In this section, we will try out Transfer Learning!

**Task 4:** Explain what Transfer Learning and multi-task learning is (e.g. how it works, why it works). What is the difference? (3P)

: Tansfer learning entails improving a model's performance on a related task by utilizing knowledge gained from training on a different task. Specifically in natural language processing, this involves pre-training on a language modeling task, followed by fine-tuning for a specific downstream task, leveraging general linguistic features and proving advantageous when labeled data for the target task is scarce.Multi-task learning concurrently trains a model on various tasks, aiming to leverage shared knowledge for improved overall performance. In NLP, this can encompass training on diverse language-related tasks, such as part-of-speech tagging and sentiment analysis. Transfer learning improves a model's performance on a related task by leveraging knowledge from training on a different task, while multi-task learning simultaneously trains a model on various tasks to enhance overall performance, particularly in NLP with diverse language-related tasks.
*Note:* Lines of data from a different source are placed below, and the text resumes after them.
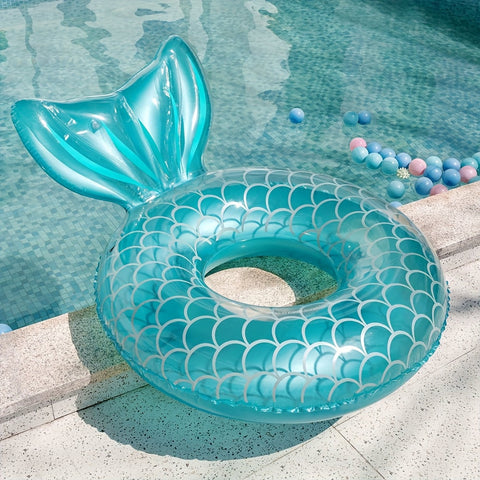 Aufblasbare Pool Float in Meerjungfrauen-Schale – Ergonomisches Design mit Kissen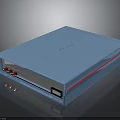 Electronic Device In Blue With Modern Design Red Accent And Multiple Ports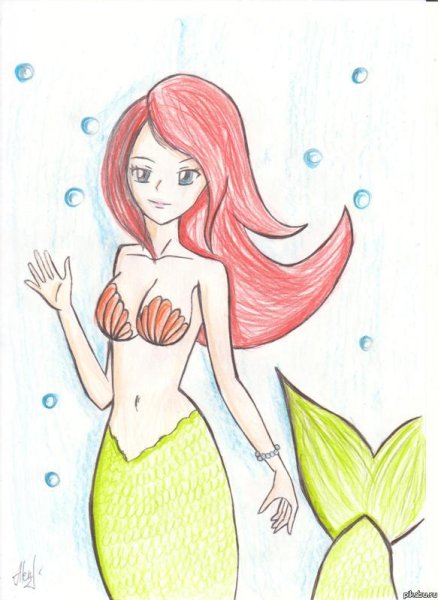 Русалка рисунок для срисовки
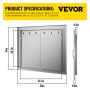 VEVOR Outdoor Kitchen Access 26"x 24" Wall Construction Stainless Steel Flush Mount for BBQ Island, 26inch x 24inch, Double Door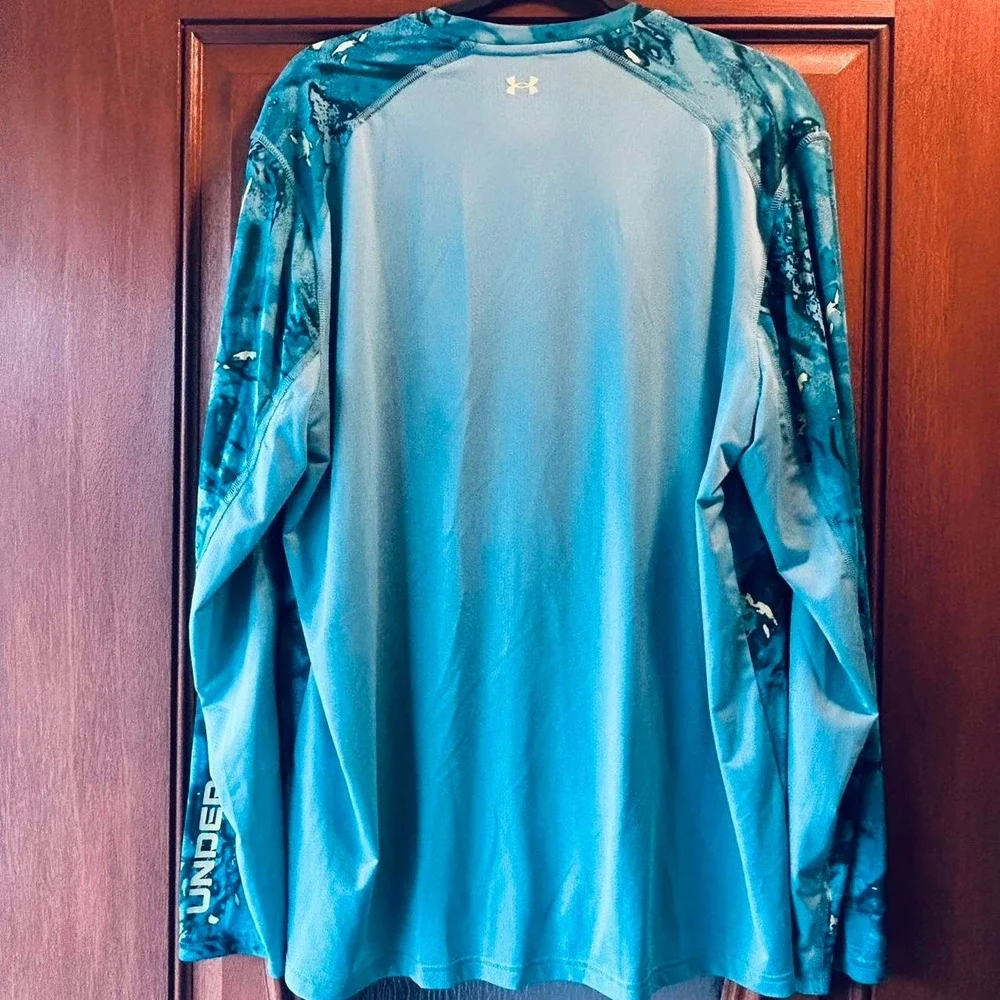 Under armour XL men's rash guard teal/gold EUC‎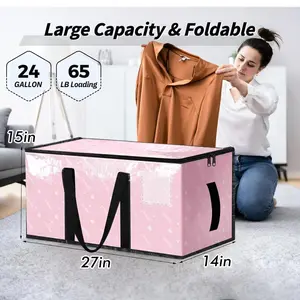 A set of 6 large-capacity, heavy-duty plastic folding waterproof and moisture-resistant storage bags with hinged lids—sturdy and durable, perfect for home use, camping, travel, attic storage, dorm rooms, and moving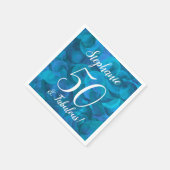 Ocean Blue 50 en Fabulous Birthday Party Servet (Hoek)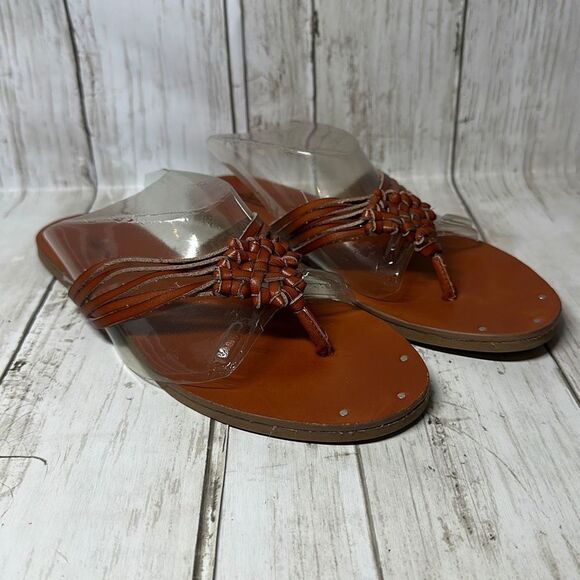 American Eagle AE Braided Leather Flip Flops Sandals Thongs Slip on Shoes Size 6 - Picture 1 of 7
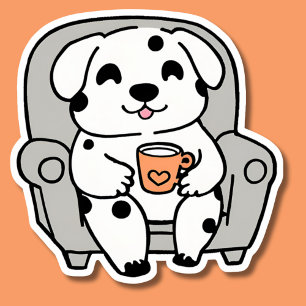 Kaffee und Hunde wasserdicht Aufkleber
Transfer Learning: First, we train on a "utility" task (source task) and then fine-tune on our main task (target task), which is the inflection task.

Now, imagine I give you a dataset with only the base word (lemma) and its changed form (inflected form), but without the morphological features, e.g. "Reflektion" and "Reflektionen".

**Task 5**: What kind of source task could you create to help with our target task (excluding my proposed task underneath)? Explain your decision! (2P)

: Source task thatinvolves training the model in "Syntactic Dependency Parsing" or "Semantic Role Labeling." could help with our target task. These tasks focus on understanding grammatical relationships and semantic roles within sentences, providing valuable linguistic insights. Syntactic Dependency Parsing teaches the model about sentence structures, while Semantic Role Labeling enhances its understanding of the semantic roles each word plays. Incorporating these tasks can deepen the model's comprehension of language features not explicitly covered in the existing code, ultimately improving its performance in the target task of inflection generation.


Let's make it interesting by mimicking T5's pre-training (so you also learn how T5 pre-trains).

We'll randomly mask some characters where the input will be the base word and its inflected form:, for example, turning _"Reflektion Reflektionen" -> "Refle\<masked1\>tion Refletion\<masked2\>"_. The task is to predict the missing characters!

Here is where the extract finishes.